Assignment =>
Look below for the line containing "Evoca Pedały MAGPED"; write out that line and each one after it to the end, exactly, and nothing else.

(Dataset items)

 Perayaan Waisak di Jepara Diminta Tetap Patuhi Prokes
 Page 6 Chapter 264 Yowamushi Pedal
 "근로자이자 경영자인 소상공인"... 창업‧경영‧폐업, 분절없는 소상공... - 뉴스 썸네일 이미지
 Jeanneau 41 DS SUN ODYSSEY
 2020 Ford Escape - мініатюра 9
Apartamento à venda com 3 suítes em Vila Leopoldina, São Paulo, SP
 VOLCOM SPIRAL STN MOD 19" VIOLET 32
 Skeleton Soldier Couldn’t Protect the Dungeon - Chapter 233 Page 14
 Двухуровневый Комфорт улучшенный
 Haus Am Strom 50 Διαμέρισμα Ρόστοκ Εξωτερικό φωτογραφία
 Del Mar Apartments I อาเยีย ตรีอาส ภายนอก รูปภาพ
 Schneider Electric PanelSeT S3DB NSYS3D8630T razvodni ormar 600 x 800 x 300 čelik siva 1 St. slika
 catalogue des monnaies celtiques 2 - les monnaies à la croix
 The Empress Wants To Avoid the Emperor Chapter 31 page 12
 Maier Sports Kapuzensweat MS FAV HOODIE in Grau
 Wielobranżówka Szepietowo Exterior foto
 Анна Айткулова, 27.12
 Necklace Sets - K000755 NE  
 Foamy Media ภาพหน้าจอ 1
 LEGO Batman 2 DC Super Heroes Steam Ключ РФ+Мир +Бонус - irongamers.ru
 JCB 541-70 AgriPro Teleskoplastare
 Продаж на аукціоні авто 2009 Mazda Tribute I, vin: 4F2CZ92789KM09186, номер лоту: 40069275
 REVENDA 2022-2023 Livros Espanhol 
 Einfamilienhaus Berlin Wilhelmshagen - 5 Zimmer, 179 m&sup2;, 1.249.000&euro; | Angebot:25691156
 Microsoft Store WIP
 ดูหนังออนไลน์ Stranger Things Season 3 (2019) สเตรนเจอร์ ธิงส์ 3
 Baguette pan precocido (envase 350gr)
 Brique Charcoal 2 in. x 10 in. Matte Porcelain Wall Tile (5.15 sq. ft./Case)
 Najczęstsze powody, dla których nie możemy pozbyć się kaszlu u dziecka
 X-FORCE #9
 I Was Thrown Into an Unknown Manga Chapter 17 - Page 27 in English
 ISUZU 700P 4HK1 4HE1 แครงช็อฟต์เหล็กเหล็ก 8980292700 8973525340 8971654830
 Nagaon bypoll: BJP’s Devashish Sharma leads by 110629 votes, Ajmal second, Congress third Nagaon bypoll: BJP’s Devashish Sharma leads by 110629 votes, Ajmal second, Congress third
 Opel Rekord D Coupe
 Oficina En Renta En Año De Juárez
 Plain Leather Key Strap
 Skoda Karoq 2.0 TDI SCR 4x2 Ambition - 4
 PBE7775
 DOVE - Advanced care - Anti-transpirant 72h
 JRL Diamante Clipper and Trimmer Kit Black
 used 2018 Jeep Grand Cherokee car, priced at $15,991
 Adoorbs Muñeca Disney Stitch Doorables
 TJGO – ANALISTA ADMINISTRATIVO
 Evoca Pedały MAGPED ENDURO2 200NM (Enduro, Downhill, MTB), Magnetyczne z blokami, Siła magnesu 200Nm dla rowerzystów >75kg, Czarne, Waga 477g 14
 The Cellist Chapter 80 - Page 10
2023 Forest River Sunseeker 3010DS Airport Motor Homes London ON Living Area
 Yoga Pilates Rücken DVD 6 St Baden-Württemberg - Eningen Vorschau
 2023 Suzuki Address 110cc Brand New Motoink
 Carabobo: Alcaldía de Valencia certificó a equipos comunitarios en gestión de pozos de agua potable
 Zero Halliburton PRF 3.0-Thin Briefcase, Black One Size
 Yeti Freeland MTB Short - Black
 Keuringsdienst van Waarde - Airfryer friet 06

Result below =>
 Evoca Pedały MAGPED ENDURO2 200NM (Enduro, Downhill, MTB), Magnetyczne z blokami, Siła magnesu 200Nm dla rowerzystów >75kg, Czarne, Waga 477g 14
 The Cellist Chapter 80 - Page 10
2023 Forest River Sunseeker 3010DS Airport Motor Homes London ON Living Area
 Yoga Pilates Rücken DVD 6 St Baden-Württemberg - Eningen Vorschau
 2023 Suzuki Address 110cc Brand New Motoink
 Carabobo: Alcaldía de Valencia certificó a equipos comunitarios en gestión de pozos de agua potable
 Zero Halliburton PRF 3.0-Thin Briefcase, Black One Size
 Yeti Freeland MTB Short - Black
 Keuringsdienst van Waarde - Airfryer friet 06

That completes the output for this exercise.